We recently released the 2.0 version of the Windows Azure Storage Client Library. This is our largest update to our .NET library to date which includes new features, broader platform compatibility, and revisions to address the great feedback you’ve given us over time. For more about this release see here.
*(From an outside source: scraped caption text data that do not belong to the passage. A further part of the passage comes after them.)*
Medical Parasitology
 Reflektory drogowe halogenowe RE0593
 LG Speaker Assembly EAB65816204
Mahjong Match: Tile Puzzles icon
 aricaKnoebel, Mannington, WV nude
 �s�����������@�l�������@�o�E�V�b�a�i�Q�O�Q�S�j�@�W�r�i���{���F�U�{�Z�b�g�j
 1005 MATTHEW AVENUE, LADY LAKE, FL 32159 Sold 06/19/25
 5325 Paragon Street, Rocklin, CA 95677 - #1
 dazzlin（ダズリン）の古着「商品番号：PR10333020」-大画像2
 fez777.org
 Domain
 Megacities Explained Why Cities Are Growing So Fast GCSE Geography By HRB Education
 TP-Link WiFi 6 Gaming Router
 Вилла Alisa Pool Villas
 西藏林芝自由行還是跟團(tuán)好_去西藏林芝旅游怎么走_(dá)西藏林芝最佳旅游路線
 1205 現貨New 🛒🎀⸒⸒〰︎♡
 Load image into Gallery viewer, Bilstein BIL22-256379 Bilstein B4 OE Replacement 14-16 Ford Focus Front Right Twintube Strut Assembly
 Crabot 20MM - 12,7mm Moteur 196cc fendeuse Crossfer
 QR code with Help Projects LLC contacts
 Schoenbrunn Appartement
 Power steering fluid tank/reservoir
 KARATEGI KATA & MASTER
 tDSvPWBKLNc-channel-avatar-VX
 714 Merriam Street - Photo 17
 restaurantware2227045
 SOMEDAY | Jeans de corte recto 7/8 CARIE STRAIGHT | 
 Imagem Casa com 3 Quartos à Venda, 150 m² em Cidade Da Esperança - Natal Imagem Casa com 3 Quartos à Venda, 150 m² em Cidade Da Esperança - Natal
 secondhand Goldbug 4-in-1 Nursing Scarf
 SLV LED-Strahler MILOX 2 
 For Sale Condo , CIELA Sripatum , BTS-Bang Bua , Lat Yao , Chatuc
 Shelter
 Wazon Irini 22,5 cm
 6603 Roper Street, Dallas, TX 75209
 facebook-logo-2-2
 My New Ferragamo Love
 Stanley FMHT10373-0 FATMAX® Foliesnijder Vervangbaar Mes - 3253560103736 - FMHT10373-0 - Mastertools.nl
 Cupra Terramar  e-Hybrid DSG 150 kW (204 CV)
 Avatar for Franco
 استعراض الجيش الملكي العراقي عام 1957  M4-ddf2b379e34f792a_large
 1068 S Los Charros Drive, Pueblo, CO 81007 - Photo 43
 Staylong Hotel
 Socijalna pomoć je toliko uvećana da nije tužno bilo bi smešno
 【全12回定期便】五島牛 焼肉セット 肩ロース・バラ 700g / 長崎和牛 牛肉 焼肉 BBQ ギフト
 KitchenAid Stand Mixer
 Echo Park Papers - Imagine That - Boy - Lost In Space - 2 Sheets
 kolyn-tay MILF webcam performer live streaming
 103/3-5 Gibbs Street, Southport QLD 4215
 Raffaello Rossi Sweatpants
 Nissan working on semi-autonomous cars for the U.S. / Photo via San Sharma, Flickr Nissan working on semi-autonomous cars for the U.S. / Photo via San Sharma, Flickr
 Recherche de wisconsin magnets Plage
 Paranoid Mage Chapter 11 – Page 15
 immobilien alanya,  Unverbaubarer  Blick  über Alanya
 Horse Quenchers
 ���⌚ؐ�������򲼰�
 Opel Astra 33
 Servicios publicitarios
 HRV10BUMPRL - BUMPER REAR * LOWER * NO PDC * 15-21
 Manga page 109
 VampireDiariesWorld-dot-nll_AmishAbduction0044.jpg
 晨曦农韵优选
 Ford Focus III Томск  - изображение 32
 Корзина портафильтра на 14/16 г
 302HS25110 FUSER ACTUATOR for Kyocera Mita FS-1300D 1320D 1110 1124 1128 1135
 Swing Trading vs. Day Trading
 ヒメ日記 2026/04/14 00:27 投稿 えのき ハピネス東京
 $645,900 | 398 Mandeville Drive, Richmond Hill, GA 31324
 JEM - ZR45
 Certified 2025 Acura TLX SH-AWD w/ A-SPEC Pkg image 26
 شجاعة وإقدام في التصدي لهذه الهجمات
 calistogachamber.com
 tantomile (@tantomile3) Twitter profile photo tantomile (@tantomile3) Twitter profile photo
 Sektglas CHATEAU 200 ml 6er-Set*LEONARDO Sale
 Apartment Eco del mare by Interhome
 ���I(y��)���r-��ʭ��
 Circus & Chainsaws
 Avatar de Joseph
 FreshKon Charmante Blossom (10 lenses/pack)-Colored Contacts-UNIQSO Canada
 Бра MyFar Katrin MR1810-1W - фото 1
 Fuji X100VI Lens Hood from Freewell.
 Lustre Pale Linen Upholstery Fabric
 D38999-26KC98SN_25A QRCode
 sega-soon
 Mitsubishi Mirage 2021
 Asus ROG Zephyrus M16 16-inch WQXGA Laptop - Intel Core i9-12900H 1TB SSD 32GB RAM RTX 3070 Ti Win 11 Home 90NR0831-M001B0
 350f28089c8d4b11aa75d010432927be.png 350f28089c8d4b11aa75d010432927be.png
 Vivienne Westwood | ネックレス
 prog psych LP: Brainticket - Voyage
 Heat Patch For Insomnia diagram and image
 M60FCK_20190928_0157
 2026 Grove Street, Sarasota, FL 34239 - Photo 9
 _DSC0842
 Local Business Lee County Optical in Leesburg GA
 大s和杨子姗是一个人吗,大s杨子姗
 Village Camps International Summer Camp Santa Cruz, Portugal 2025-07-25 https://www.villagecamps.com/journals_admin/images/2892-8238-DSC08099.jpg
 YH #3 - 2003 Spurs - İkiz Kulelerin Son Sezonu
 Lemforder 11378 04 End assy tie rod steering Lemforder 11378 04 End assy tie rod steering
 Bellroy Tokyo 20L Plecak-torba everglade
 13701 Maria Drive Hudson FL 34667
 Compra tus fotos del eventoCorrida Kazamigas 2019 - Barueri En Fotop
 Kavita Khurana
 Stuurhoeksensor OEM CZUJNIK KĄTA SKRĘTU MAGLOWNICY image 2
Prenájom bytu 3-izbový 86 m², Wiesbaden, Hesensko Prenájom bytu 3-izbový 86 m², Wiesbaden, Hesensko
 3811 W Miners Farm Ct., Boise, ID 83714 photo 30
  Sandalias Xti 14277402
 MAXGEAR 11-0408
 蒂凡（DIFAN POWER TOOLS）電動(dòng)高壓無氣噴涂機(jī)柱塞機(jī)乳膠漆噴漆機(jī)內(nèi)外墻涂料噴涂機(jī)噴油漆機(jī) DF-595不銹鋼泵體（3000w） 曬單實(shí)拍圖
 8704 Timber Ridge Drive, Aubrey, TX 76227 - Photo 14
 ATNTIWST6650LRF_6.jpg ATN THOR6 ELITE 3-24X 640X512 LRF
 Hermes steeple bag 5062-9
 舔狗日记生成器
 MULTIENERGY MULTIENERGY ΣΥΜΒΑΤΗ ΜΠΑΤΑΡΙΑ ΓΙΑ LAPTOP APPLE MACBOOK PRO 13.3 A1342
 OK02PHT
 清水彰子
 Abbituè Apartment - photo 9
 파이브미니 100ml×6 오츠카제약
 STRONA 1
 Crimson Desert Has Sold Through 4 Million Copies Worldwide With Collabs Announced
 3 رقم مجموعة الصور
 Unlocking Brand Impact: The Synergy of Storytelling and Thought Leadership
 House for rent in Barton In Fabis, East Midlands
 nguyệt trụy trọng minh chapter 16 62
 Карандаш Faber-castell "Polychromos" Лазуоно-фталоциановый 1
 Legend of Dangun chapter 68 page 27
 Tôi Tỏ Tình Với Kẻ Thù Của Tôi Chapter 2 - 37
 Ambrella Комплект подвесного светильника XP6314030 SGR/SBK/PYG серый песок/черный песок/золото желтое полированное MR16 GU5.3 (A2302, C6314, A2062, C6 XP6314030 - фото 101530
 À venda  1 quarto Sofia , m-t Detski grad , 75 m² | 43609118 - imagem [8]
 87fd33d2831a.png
For information regarding breaking changes see here.

This SDK 2.0 release contains a few known issues that will be addressed in the next release of the libraries and are detailed below.

Known Issues

Service Client Retry Policy does not support null

The Cloud[Blob|Queue|Table]Client.RetryPolicy does not support null, if you wish to disable retries simply use RetryPolicies.NoRetry (client.RetryPolicy = new NoRetry()).

CloudStorageAccount.Parse cannot parse DevelopmentStorageAccount strings if a proxy is not specified.

CloudStorageAccount.Parse() and TryParse() do not support DevelopmentStorageAccount strings if a proxy is not specified. CloudStorageAccount.DevelopmentStorageAccount.ToString() will serialize to the string: “UseDevelopmentStorage=true” which illustrate this particular issue. Passing this string into CloudStorageAccount.Parse() or TryParse () will throw a KeyNotFoundException.

The example below illustrates this issue:

// Will serialize to "UseDevelopmentStorage=true"
CloudStorageAccount myAccount = CloudStorageAccount.DevelopmentStorageAccount;
CloudStorageAccount.Parse(myAccount.ToString());  // Will Throw KeyNotFoundException

To work around this issue you may specify a proxy Uri as below:

// Will serialize to "UseDevelopmentStorage=true;DevelopmentStorageProxyUri=http://ipv4.fiddler"
CloudStorageAccount myAccount = CloudStorageAccount.GetDevelopmentStorageAccount(new Uri("http://ipv4.fiddler"));
CloudStorageAccount.Parse(myAccount.ToString());

 

Summary

We continue to work hard on delivering a first class development experience for the .Net community to work with Windows Azure Storage. We will address these issues in upcoming releases of the SDK and on GitHub.